Filter the data for lines with the word "image", then copy every line so identified.
● ● ●
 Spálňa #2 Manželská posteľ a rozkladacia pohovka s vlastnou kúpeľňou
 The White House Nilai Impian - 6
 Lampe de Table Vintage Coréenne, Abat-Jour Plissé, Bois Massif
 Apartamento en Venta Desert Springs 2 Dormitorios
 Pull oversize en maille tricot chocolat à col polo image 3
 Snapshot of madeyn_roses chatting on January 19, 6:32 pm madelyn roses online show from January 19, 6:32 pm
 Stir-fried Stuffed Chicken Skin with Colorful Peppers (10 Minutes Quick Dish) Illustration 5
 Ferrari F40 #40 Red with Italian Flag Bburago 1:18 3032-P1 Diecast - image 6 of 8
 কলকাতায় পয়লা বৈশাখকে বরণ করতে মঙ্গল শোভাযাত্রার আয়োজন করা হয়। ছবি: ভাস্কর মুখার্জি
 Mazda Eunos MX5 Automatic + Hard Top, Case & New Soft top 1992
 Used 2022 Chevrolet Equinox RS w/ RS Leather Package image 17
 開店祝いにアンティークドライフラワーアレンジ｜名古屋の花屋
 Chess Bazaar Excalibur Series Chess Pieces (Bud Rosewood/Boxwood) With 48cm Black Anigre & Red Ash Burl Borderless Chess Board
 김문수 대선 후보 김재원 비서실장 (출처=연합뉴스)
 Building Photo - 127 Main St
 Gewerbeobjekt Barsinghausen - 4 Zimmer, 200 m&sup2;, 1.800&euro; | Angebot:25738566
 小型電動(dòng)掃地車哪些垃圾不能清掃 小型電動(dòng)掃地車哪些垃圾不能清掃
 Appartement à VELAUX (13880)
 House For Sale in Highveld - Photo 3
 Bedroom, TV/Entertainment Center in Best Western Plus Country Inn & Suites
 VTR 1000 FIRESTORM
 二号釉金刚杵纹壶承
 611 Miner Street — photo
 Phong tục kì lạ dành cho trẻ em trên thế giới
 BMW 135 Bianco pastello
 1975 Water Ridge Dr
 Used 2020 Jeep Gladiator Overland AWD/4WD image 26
● ● ●
Solution for this problem ▸
 Pull oversize en maille tricot chocolat à col polo image 3
 Ferrari F40 #40 Red with Italian Flag Bburago 1:18 3032-P1 Diecast - image 6 of 8
 Used 2022 Chevrolet Equinox RS w/ RS Leather Package image 17
 Used 2020 Jeep Gladiator Overland AWD/4WD image 26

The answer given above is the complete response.